Records to process Start Marker

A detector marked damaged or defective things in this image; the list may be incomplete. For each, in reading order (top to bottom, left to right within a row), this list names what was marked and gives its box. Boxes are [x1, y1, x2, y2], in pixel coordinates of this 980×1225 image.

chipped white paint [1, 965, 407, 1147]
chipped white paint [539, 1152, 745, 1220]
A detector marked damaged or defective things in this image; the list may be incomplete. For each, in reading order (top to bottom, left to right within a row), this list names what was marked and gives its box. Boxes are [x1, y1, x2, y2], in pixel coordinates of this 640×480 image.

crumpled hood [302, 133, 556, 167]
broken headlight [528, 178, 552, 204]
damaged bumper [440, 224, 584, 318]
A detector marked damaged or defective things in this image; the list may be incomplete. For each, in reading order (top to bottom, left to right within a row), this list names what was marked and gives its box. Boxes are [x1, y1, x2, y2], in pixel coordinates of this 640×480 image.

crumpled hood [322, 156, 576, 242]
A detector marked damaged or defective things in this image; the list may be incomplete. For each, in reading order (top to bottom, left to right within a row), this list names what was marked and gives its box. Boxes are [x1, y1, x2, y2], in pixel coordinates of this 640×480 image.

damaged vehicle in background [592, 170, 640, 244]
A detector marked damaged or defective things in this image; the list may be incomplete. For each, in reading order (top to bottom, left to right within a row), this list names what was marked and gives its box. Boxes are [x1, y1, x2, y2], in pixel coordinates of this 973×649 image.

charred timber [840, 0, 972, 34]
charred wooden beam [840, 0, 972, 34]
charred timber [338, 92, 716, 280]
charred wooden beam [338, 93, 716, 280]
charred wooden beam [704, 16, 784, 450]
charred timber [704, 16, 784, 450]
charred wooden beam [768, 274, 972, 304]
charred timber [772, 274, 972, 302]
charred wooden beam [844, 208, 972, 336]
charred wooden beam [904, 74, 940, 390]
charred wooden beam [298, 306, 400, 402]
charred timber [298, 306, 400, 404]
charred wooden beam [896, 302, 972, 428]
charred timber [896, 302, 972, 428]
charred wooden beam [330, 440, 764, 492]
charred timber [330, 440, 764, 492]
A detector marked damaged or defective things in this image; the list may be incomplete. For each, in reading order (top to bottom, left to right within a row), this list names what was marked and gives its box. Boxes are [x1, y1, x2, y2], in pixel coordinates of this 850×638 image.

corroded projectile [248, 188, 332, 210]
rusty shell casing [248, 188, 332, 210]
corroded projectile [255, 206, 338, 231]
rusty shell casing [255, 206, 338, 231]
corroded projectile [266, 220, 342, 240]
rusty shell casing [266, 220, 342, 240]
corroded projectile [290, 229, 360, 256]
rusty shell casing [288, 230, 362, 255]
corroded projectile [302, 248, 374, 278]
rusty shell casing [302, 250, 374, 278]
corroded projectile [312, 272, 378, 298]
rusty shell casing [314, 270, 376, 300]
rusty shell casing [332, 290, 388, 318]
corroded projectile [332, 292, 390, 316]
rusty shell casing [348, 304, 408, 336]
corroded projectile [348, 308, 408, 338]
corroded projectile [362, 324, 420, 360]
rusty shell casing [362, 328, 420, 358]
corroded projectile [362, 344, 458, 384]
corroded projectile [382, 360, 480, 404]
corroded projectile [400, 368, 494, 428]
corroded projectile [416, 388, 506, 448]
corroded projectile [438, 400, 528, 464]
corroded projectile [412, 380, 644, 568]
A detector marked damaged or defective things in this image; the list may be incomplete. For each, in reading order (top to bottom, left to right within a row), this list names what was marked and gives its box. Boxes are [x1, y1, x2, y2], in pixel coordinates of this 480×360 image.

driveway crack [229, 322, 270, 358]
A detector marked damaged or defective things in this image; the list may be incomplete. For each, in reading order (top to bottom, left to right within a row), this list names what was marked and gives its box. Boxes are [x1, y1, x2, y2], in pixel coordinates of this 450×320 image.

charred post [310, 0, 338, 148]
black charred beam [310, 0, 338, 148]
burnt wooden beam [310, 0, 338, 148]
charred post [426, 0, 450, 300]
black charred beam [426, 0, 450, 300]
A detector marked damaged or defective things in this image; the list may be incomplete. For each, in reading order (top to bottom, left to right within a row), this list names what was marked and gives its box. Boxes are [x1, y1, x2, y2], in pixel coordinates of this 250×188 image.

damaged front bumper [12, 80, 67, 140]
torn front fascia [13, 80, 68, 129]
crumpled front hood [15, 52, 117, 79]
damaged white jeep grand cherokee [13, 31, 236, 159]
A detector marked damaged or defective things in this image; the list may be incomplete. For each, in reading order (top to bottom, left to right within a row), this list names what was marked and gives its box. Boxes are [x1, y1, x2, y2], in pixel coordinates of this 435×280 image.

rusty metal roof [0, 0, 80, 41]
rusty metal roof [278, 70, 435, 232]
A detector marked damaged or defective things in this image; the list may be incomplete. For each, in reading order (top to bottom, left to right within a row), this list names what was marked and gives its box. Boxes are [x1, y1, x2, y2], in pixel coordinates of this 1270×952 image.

Records to process End Marker

• [Exercise]: Set down, word for word and with no other lines, the listing from the line marked by "this 480×360 image." through its final line.

• [Result for this task]:
A detector marked damaged or defective things in this image; the list may be incomplete. For each, in reading order (top to bottom, left to right within a row), this list names what was marked and gives its box. Boxes are [x1, y1, x2, y2], in pixel coordinates of this 480×360 image.

driveway crack [229, 322, 270, 358]
A detector marked damaged or defective things in this image; the list may be incomplete. For each, in reading order (top to bottom, left to right within a row), this list names what was marked and gives its box. Boxes are [x1, y1, x2, y2], in pixel coordinates of this 450×320 image.

charred post [310, 0, 338, 148]
black charred beam [310, 0, 338, 148]
burnt wooden beam [310, 0, 338, 148]
charred post [426, 0, 450, 300]
black charred beam [426, 0, 450, 300]
A detector marked damaged or defective things in this image; the list may be incomplete. For each, in reading order (top to bottom, left to right within a row), this list names what was marked and gives its box. Boxes are [x1, y1, x2, y2], in pixel coordinates of this 250×188 image.

damaged front bumper [12, 80, 67, 140]
torn front fascia [13, 80, 68, 129]
crumpled front hood [15, 52, 117, 79]
damaged white jeep grand cherokee [13, 31, 236, 159]
A detector marked damaged or defective things in this image; the list may be incomplete. For each, in reading order (top to bottom, left to right within a row), this list names what was marked and gives its box. Boxes are [x1, y1, x2, y2], in pixel coordinates of this 435×280 image.

rusty metal roof [0, 0, 80, 41]
rusty metal roof [278, 70, 435, 232]
A detector marked damaged or defective things in this image; the list may be incomplete. For each, in reading order (top to bottom, left to right within a row), this list names what was marked and gives its box. Boxes are [x1, y1, x2, y2], in pixel coordinates of this 1270×952 image.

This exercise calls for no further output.